• **Task prompt**
The answer must be an exact copy of the lines from the one with "Haier AC282AFEAA Operation" through the final line of the records below, with no pictures.

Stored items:
····················
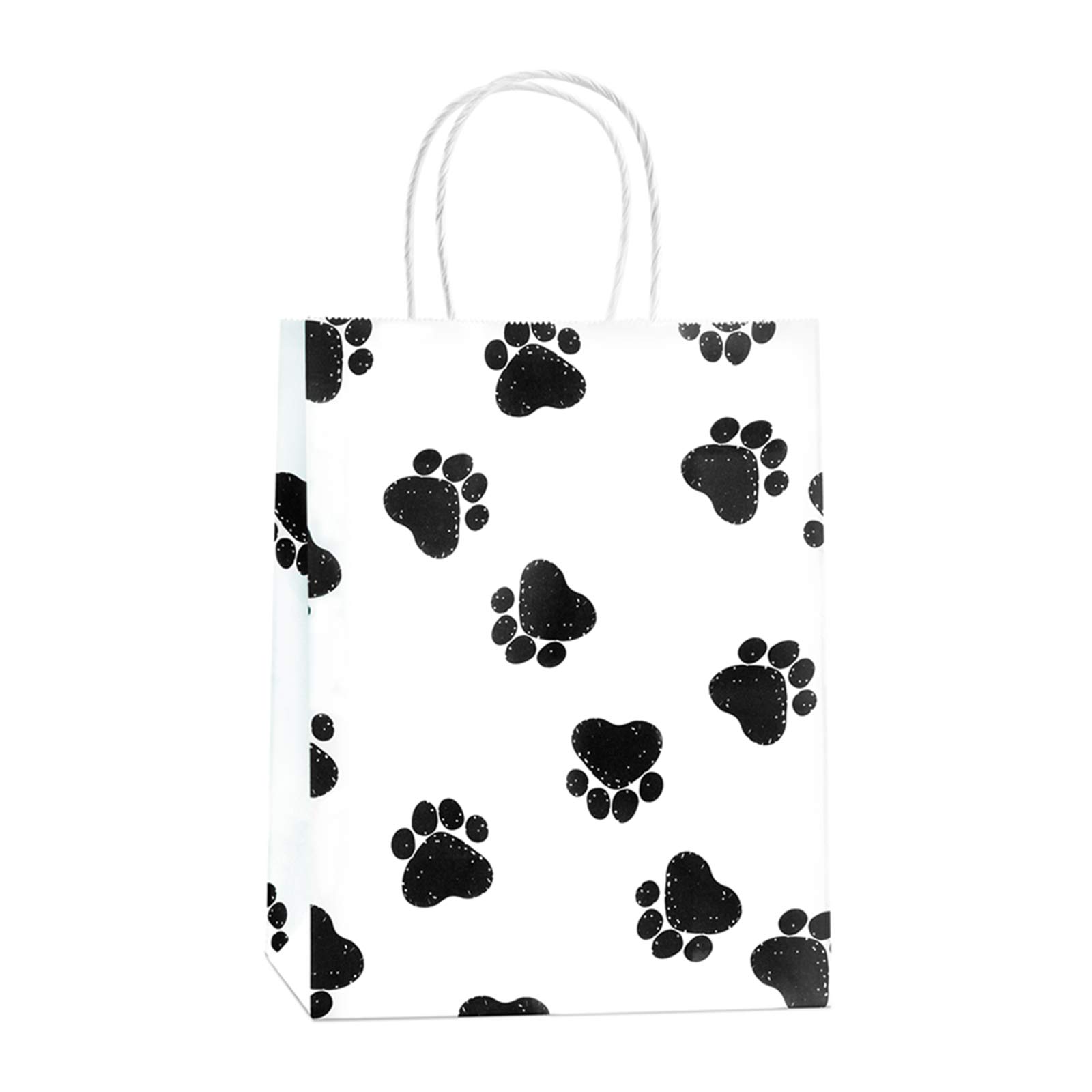 BagDream White Gift Bags 8x4.25x10.5 25Pcs Kraft Paper Gift Bags with Handles, Paw Prints Paper Sacks for Animal Party Favor, Retail, Grocery, Dog's Puppy's Paw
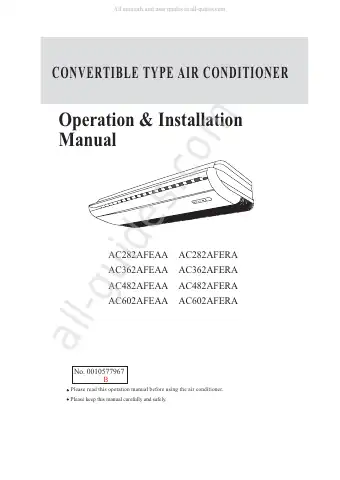 Haier AC282AFEAA Operation & Installation Manual first page preview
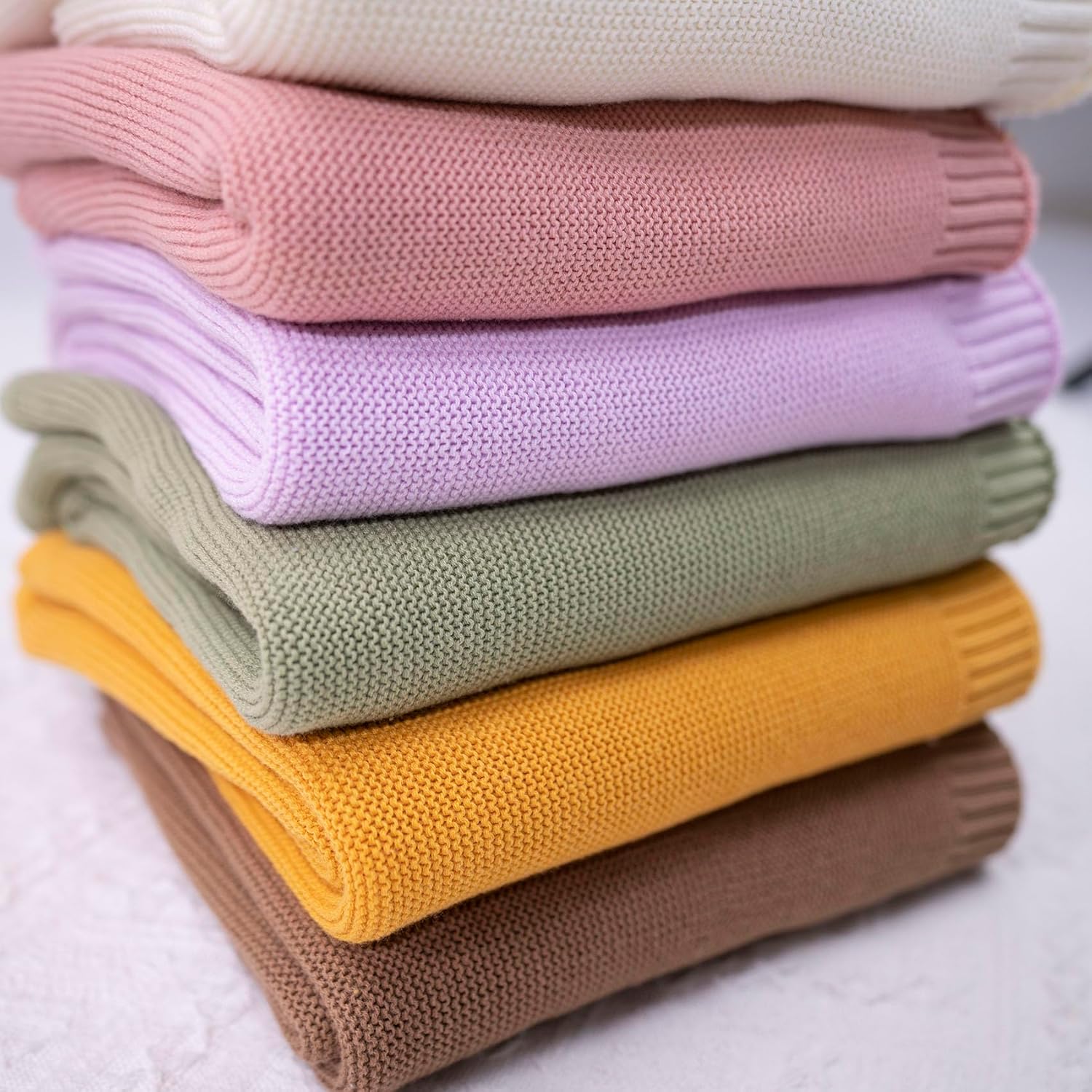 NAZENTI Personalized Baby Name Knit Blanket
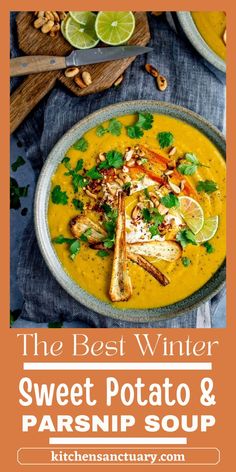 the best winter sweet potato and parsnip soup is in this postcard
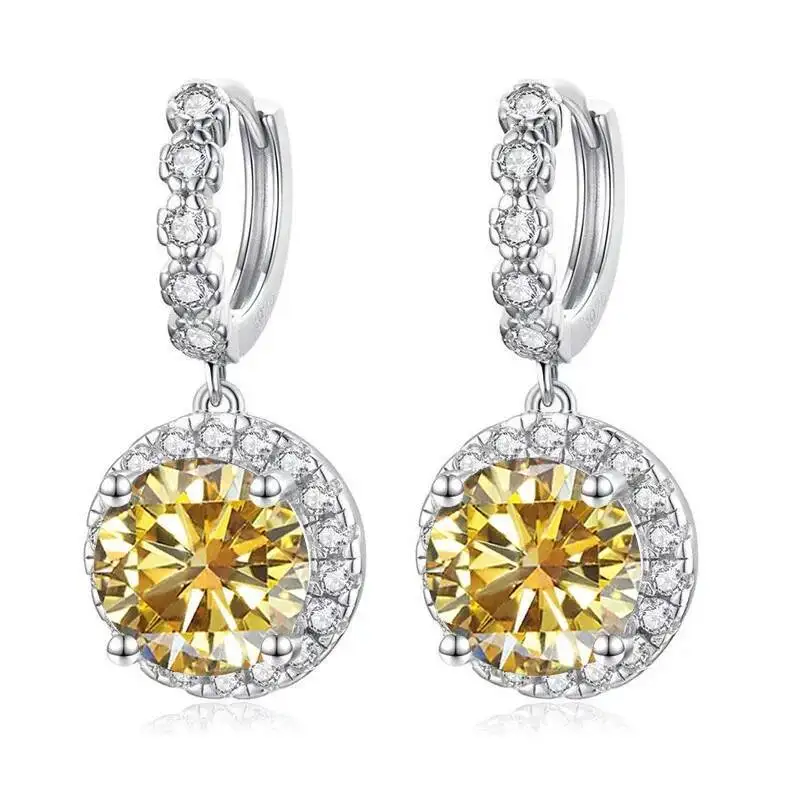 JoiasHome Super funkelnde mehrfarbige Moissanit-Tropfen-Creolen aus S925-Silber für Damen, edler Schmuck, Geschenk für Dating-Partys – Detail 9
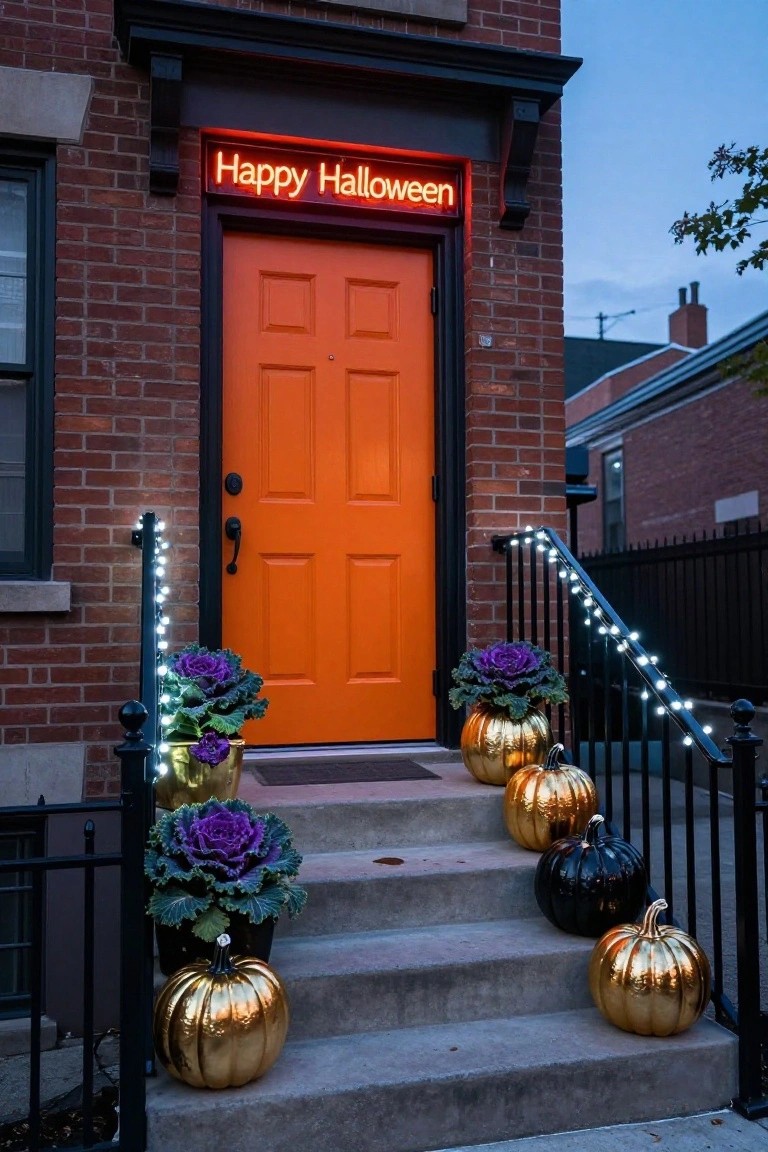 Brick rowhouse exterior at dusk featuring an orange front door with a neon orange "Happy Halloween" sign above it, metallic gold and black pumpkins on concrete steps flanked by purple kale plants in pots, and white string lights along black metal railings.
····················
• **Response to the task**
 Haier AC282AFEAA Operation & Installation Manual first page preview
 NAZENTI Personalized Baby Name Knit Blanket
 the best winter sweet potato and parsnip soup is in this postcard
 JoiasHome Super funkelnde mehrfarbige Moissanit-Tropfen-Creolen aus S925-Silber für Damen, edler Schmuck, Geschenk für Dating-Partys – Detail 9
 Brick rowhouse exterior at dusk featuring an orange front door with a neon orange "Happy Halloween" sign above it, metallic gold and black pumpkins on concrete steps flanked by purple kale plants in pots, and white string lights along black metal railings.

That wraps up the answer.